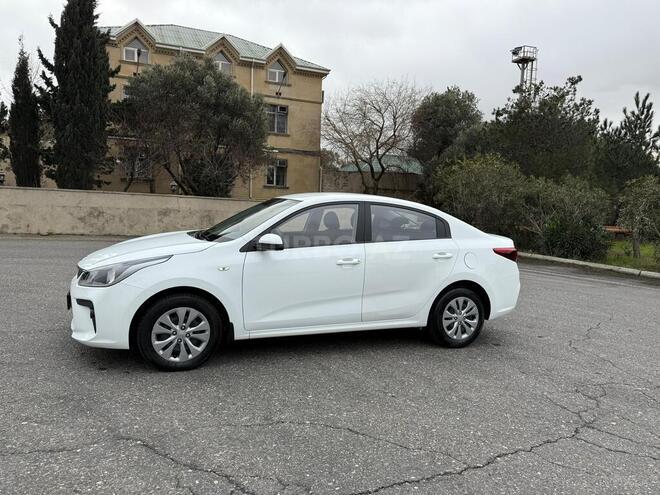 Kia Rio 2020, 51,810 km - 1.6 l - Bakı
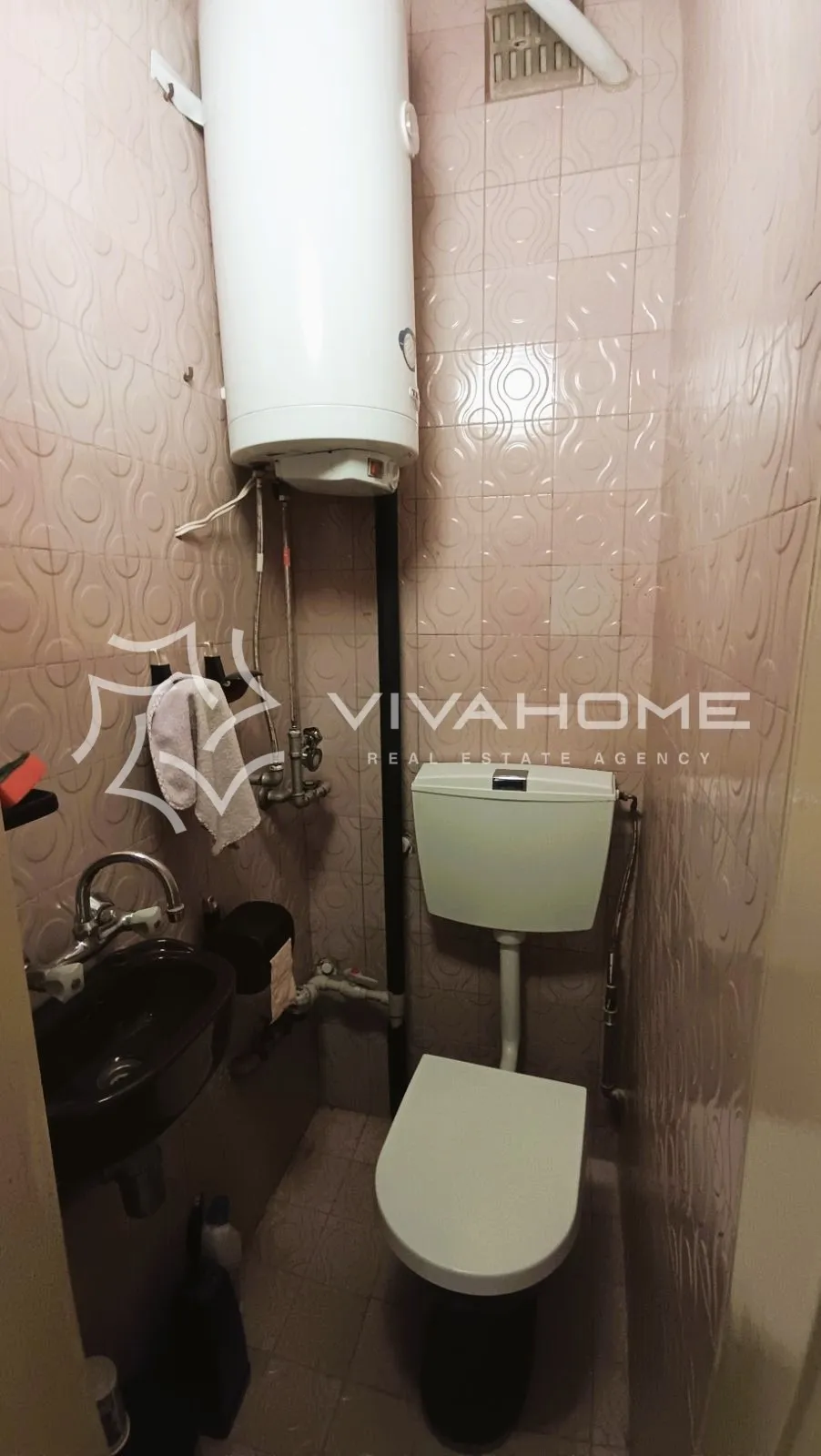 Многостаен, Тракия, Варна - снимка 4 от 12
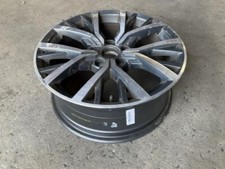 18-21 Volkswagen Tiguan Wheel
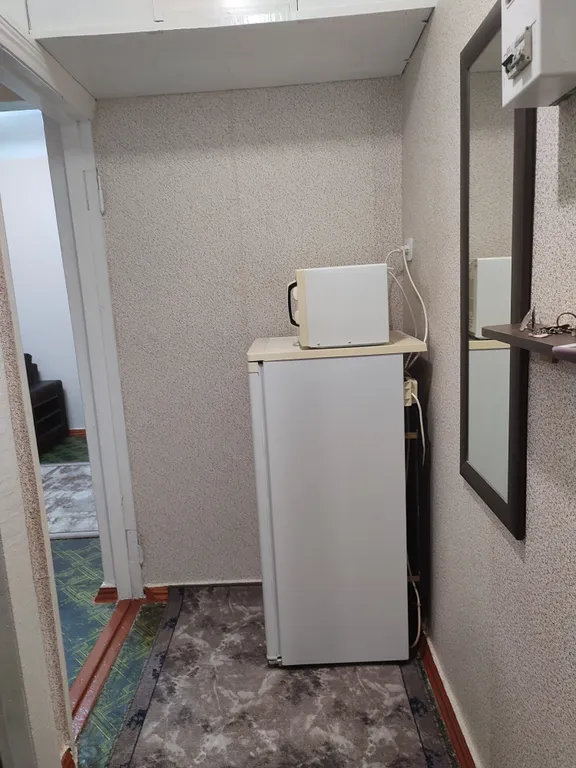 Квартира с видом на море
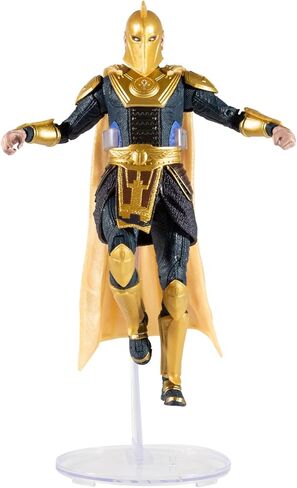 McFarlane Toys DC Multiverse Dr. Fate 7" Action Figure in Saudi Arabia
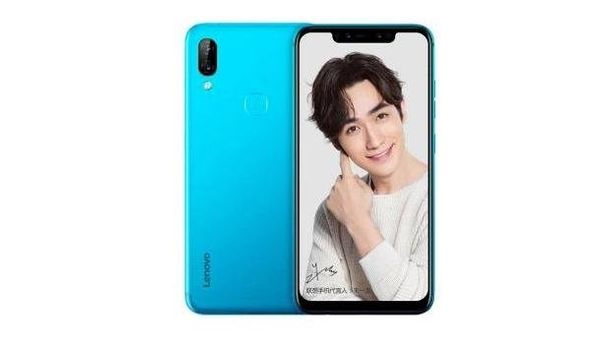 Lenovo S5 Pro 128GB Mavi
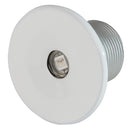 Lumitec Echo Courtesy Light - White Housing - White Light [112223] - Mealey Marine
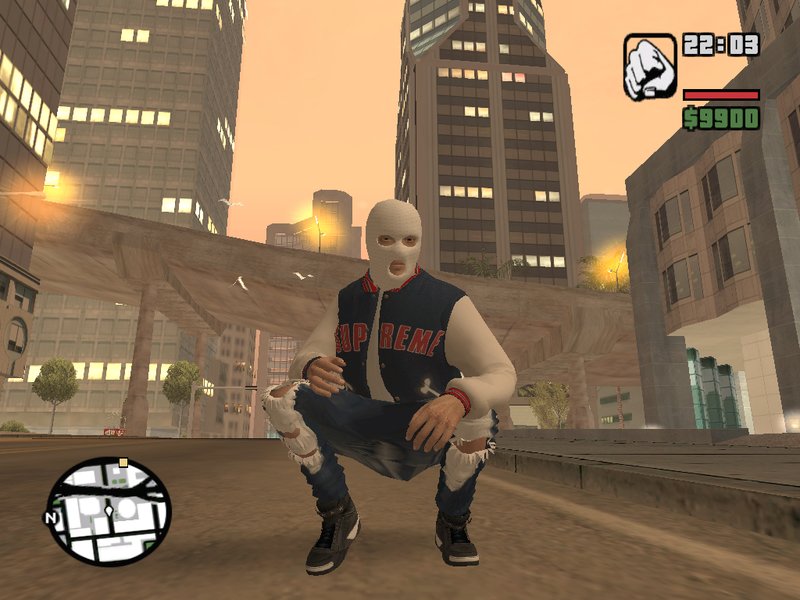 mod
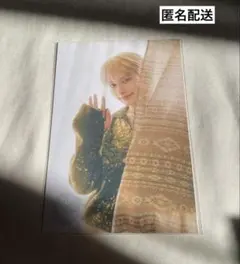 SEVENTEEN ジュン カフェ 2022 ポストカードセット セブチ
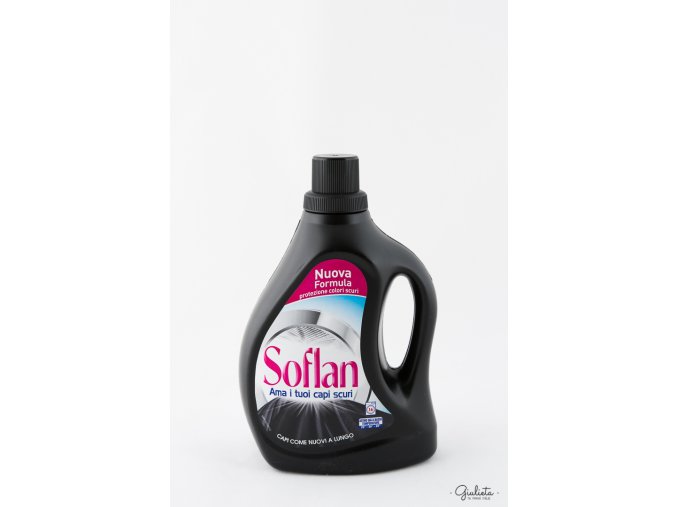 soflan bucato capi scuri 1 lt.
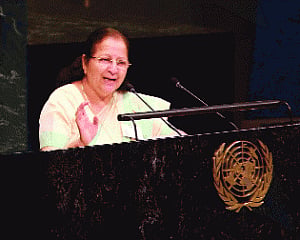 India rejects Pak call for plebiscite in J&K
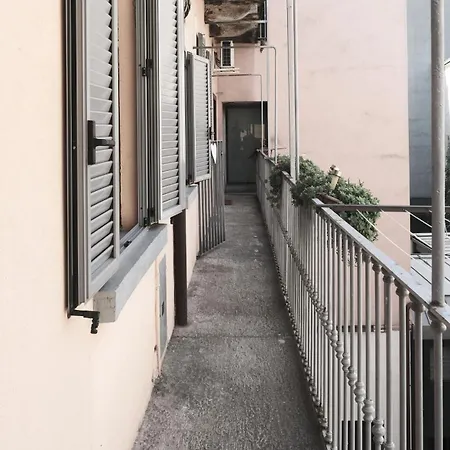 Comecasa Da Chiaretta Milan Exterior photo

________________________________________

What the exercise asks: Restate, exactly as they appear, the line with "Lenovo S5 Pro 128GB Mavi" and all the lines after it up to the end of the data above; images do not belong in the copy.

Answer for the task:
 Lenovo S5 Pro 128GB Mavi
 Lumitec Echo Courtesy Light - White Housing - White Light [112223] - Mealey Marine
 mod
 SEVENTEEN ジュン カフェ 2022 ポストカードセット セブチ
 soflan bucato capi scuri 1 lt.
 India rejects Pak call for plebiscite in J&K
 Comecasa Da Chiaretta Milan Exterior photo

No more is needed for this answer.